The reason I want to do this is because I have a shower that flows 9gpm and while I love my old faithful AO smith Vertex 100 from back in the day, the replacement costs are too high. Our incoming water temps are 7deg C (ahhh, that is 45deg F I believe), so a tankless will never supply the volume I need on the hot side. The idea of going with a hybrid setup is reasonable IMHO, I’m just wondering if since this thread was created there has been more science done on how to make this work well. The thermostatic valve idea I understand is imprecise and suboptimal but may provide a better range of temp conditions for the tankless to operate with and maybe extend its life span a bit.
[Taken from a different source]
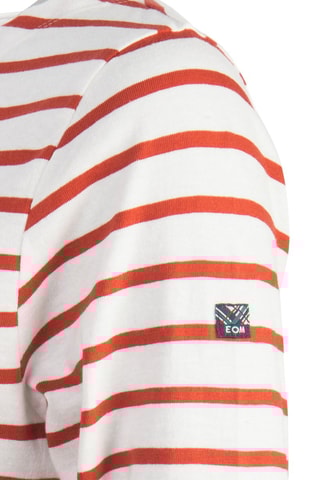 Camiseta - Blanco y rojo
My goal is to provide a solid recovery rate in the 6GPM range by feeding the tankless warmer water from the holding tank mixed with some cold water from the mains.
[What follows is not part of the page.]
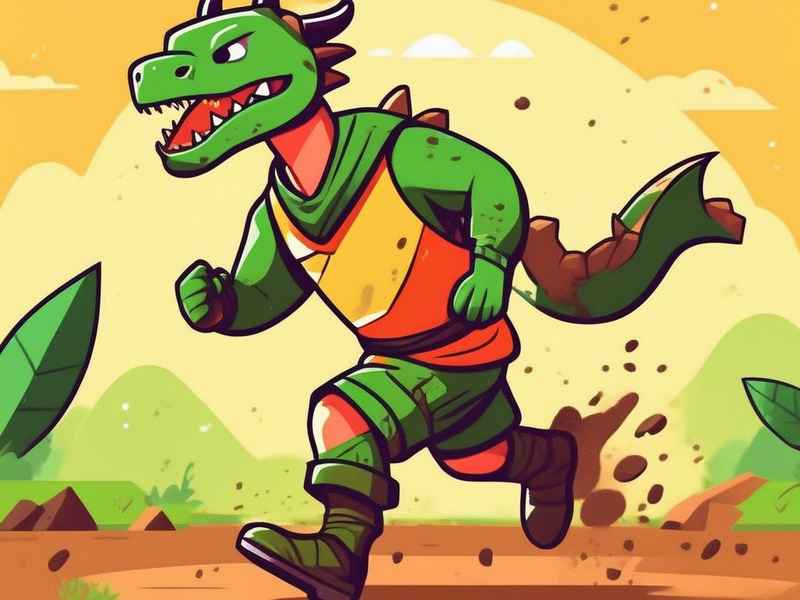 恐龙故事睡前儿童赛跑，恐龙睡前故事视频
if I am way off base, please let me know. 95% chance I’m an idiot. I’m certainly not a plumber but I’m trying to develop this design so the plumber is presented with a well thought out plan. This is not a common configuration.
Thanks all.
Tim
You need to do some math to know what will/won't work.
A (45C-7C=)38C /100F temperature rise at 9gpm (or ~4500lbs/hr) is a heat rate of 450,000 BTU/hr more than 2x (getting on to 3x) the output of a 199K-in tankless. With a sufficiently large drainwater heat recovery heat exchanger feeding it's output to...
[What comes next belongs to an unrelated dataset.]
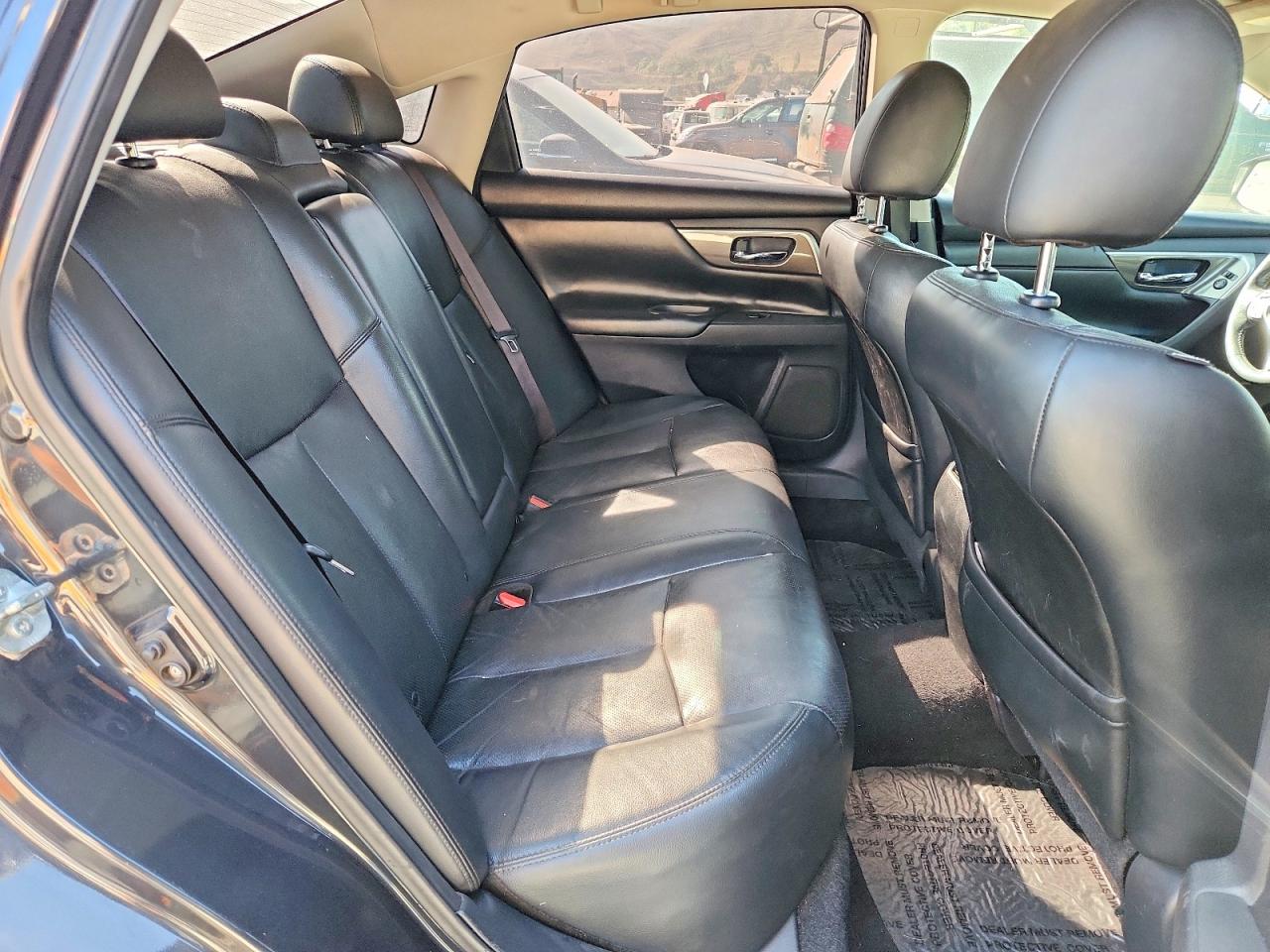 2015 Nissan Altima 2.5 Sl Gray vin: 1N4AL3AP9FC129621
1 ...the cold input of the tank...
2 ... the cold feed to the thermostatic mixing valve, and...
3... the cold feed to the shower...
...can cut the heat rate needed to be supplied by the tank + tankless to about half of the 450KBTU/hr. (Again make sure the drainwater heat exchanger can handle the full 9gpm, which may require a commercial rather than a residential version.)
When being filled with ~25C water from the heat exchanger the recovery time on the tank is reduced by half, even when drawn down to near the comfort-limit of a shower (<<40C, a typical showering temp).
Do NOT set the flow on the tankless to 6gpm or you'll shorten it's life substantially. At a 5C rise (50C storage temp, when then tank is nearly fully heated, 55C output temp) and a more temperate 4 gpm (=~2000lbs/hr)t the tankless would be running it'll be burning at a comfortable ~18,000 BTU/hr, (=the minimum firing rate of some tankelss units) but when the bottom of the tank is 25C (roughly the output of a bigger drainwater heat exchanger) that's a 30C (54F) delta-T, and a burn output rate of (54F x 2000lbs/hr =) 108,000 BTU/hr, which is more than the output of a Vertex 100.
Even 4 gpm is a high enough flow rate to wreck the flow sensors on some smaller tankless units in short years, so even though you're never using it at it's max burn rate, a 180KBTU/hr - in (or bigger) tankless would be far better choice than a 150K-in (or smaller) unit.
If a drainwater heat recovery unit isn't in the budget you'll need a (roughly 2x) bigger tank in order to get reasonable showering performance out of it.
You may have to play around with the flow rate on the tankless and the storage temps to optimize hot water delivery on the equipment you choose. Raising the storage temp much higher than 5C below the output temp will cause many tankless units to flame out, or even shut down & spit out an error code.